Just google "greater jerboa care" and it comes up with a few websites that have diet plans for them.

They may have a longer acclimatising period than most mammals, because they're likely to be wild caught animals. :/


----------



## PPVallhunds (May 23, 2010)

yeah thanks I had already tried google before getting them, can only find a handful of ones, so was wondering what others here offer to see if anyone was doing something different. There just doesn't seem to be much info on them about.


----------



## duffey1 (Aug 24, 2012)

My group used to thrive on a diet of finch mix (foreign finch), gerbil mix, thinly sliced carrot, cucumber & sweet potato. 

As a desert species their liquid intake is via food - hence the carrot, cucumber & sweet potato. Hay was supplied, but only used for bedding. 

If they escape, they are capable of very long jumps! And the hind claws can inflict a painful scratch!

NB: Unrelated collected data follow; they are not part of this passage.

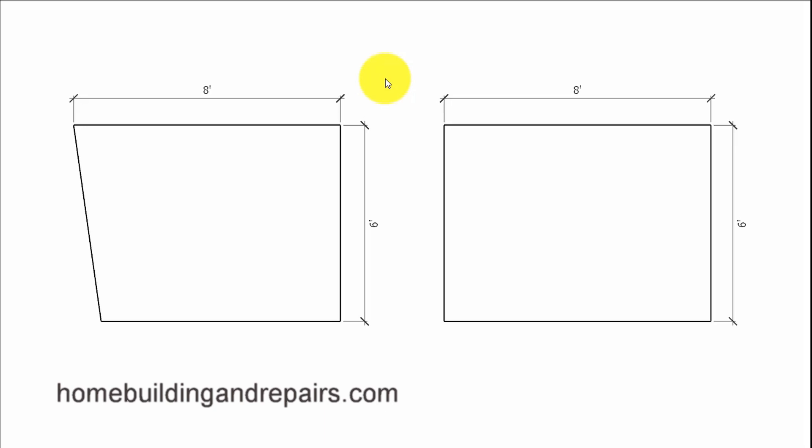Here is another question from one of our viewers who was having a difficult time figuring out how to draw a curved arc from a couple of points on a deck that wasn't perfectly square.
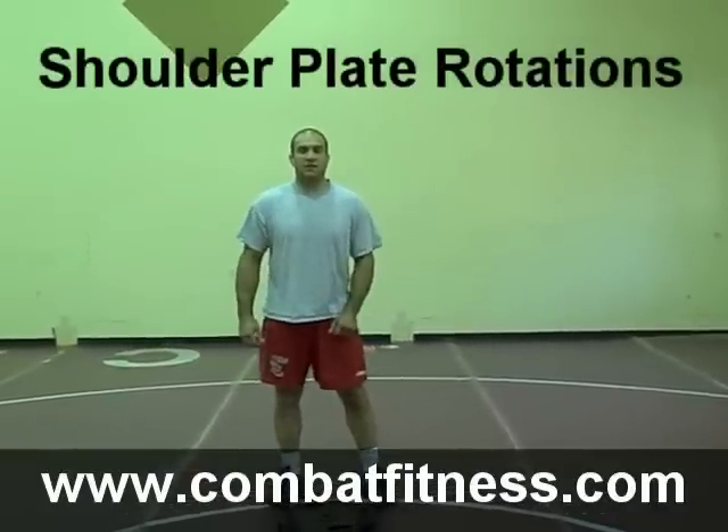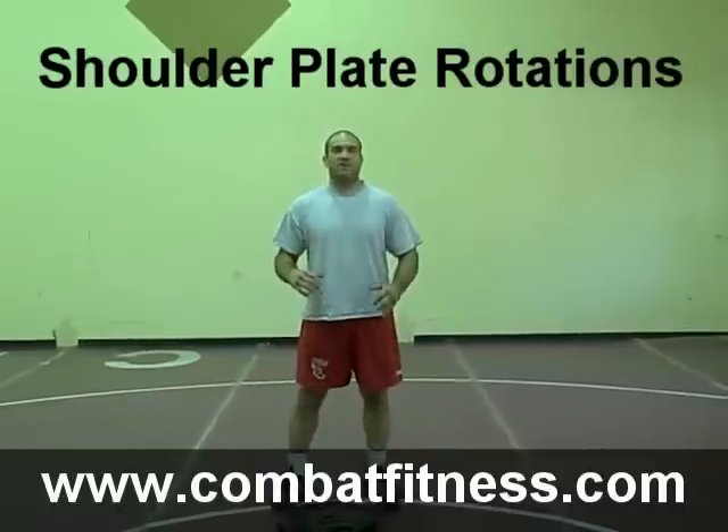Hi, this is Justin Riggs and I have your exercises today. What I'm going to show you to do today is a shoulder plate rotation. This is great if you just have some plates lying around and it changes things up a little bit — it's a nice change from just your barbell exercises and your dumbbell exercises.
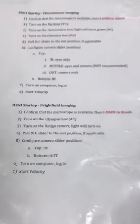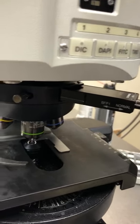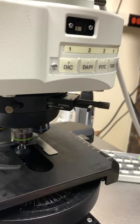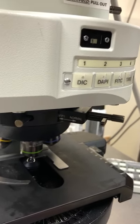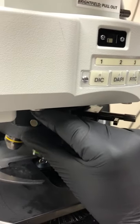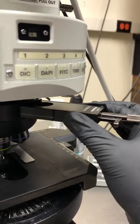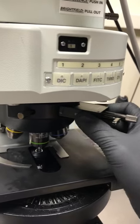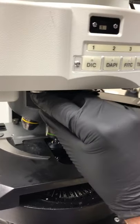Pull the DIC slider to the out position if applicable. This thing here is the DIC slider. The out position is where it is right now. The in position is when you release the set screw and push it in until it clicks. You should not have it in the in position unless you're doing DIC illumination. If you come and the slider is in, release the set screw and gently pull it out until it clicks. If you pull too far, you'll pull the whole thing out — just gently put it back in at a slight angle.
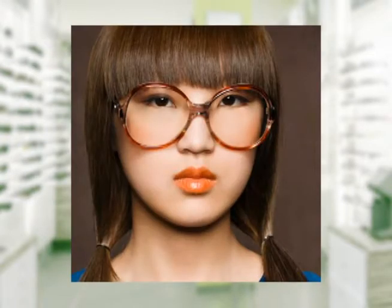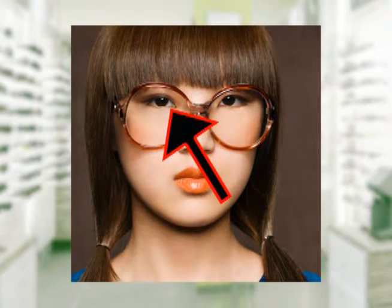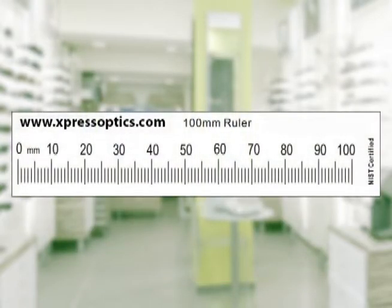Let's take your measurements. We need the pupillary distance — that's the distance between your two pupils. We also need the optical center or segment height, that's the distance between your pupil and the bottom of the frame that you selected. We have a downloadable PD stick on ExpressOptics.com that you can print out and do these measurements with.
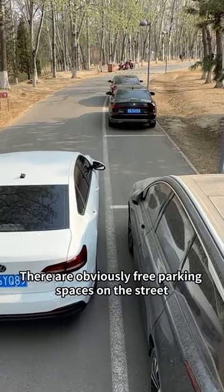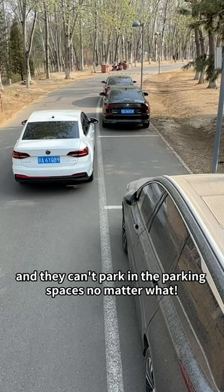There are obviously free parking spaces on the street, but there are cars in front and behind, and they can't park in the parking spaces no matter what. Today, I will teach you a three-step parking method so that you can park perfectly.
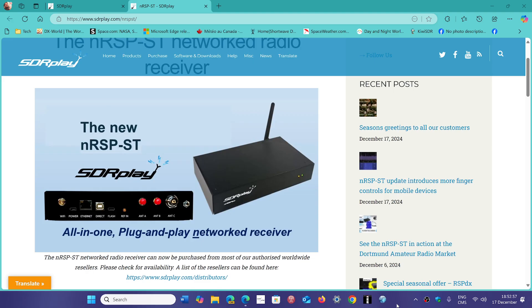This device has updatable firmware — I've already updated the firmware a couple of times. It also has its own menu where you can go and change things, connect to a network, a Wi-Fi network or Ethernet, and use it as a standard SDR Play SDR if you want to.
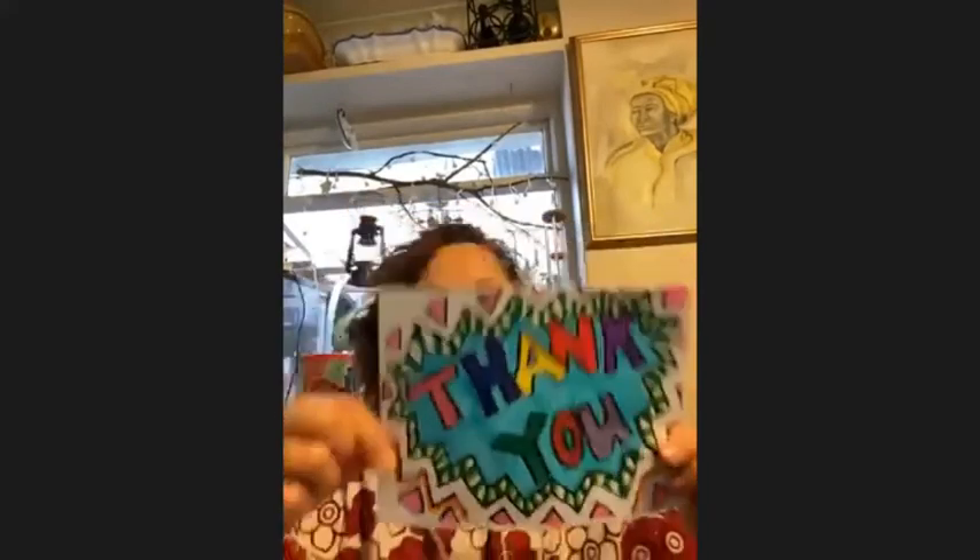You can perhaps write a little message inside and deliver your thank you card to somebody special — maybe somebody that's been looking after you when you were ill, or somebody that's looking after other people that are ill, or anybody that you want to say thank you to.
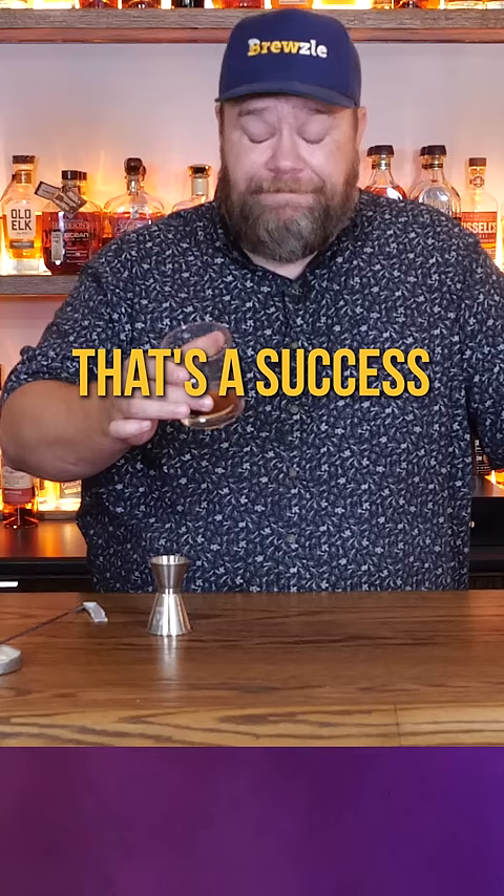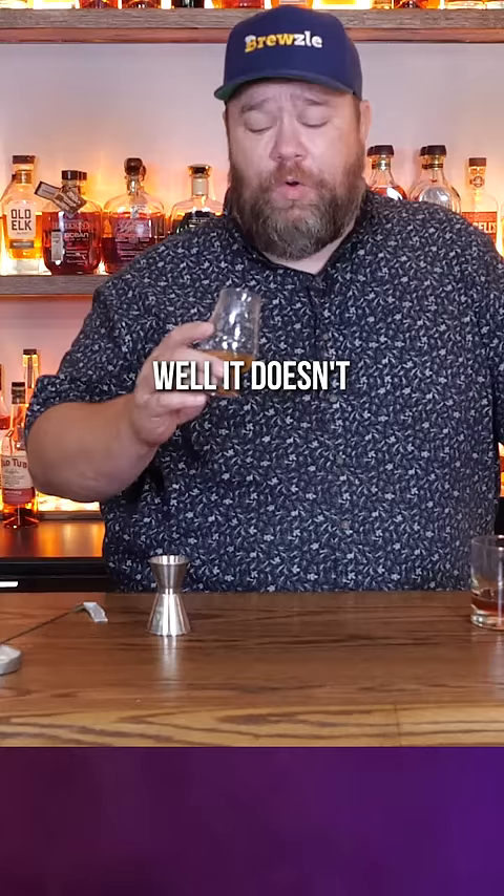I wanna see if it'll aerate a freaking whiskey now. We're gonna try a little of this Wolf Moon right here. She most definitely aerates — look at it. Well, it doesn't taste better though. Don't do that to your whiskey, but success for the mixed drink.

I found that supplying water - either in bowls or bottles - to be a waste of time. The required liquid intake is supplied by use of moist vegetable matter - Jerboas, Bushy-Tails & Prairie Dogs (and other desert species) have all thrived on this regime. In fact, when the first Mongolian Gerbils were brought into captivity, their liquid intake was supplied via food, with no water being offered!


----------



## PPVallhunds (May 23, 2010)

thank you, so im offering them all there need it seems. These two seem to like eating the hay. One is more layed back and the other is a bit more highly strung.
The plan is to have them in a walk in enclosure with sand and rock once they settle in and get use to people being about.


----------



## Matt Lusty (Aug 20, 2008)

I used to feed mine a foreign finch diet as a staple. I also used to offer leafy veg and nasturtiums, which they seemed to love. Once a week I also offered mealies in a bowl. They would take some, but only when the female was pregnant. Another pair I had would take mealies quite regularly. They all had hay to use as bedding, I only noticed little being consumed.


----------



## PPVallhunds (May 23, 2010)

Thank you Matt. The one with the thinner tail is looking better already so good news. Ive also found it likes to sleep upside down normaly with the other sleeping on top of it. One came over to see what was going on today befor going back to bed. Im quite taken with these little freaks, its as if nothing on there body matches like they were made up of odd spair parts lol


----------



## Matt Lusty (Aug 20, 2008)

Haha. Yes they look like pygmy furry t-rexes! Lol The ones I had didn't mind handling in moderation and never attempted to bite or kick slice me. I've heard of others leaving a nasty slice wound on their owners when being handled. Mine used to look like they enjoyed a tickle (whether they actually did or not is another matter).


----------



## PPVallhunds (May 23, 2010)

ooo id not hurd about kick slicing! thanks for the warning. So far they just hop about and sometimes stamp there little feet. One is more intrested than the other.


----------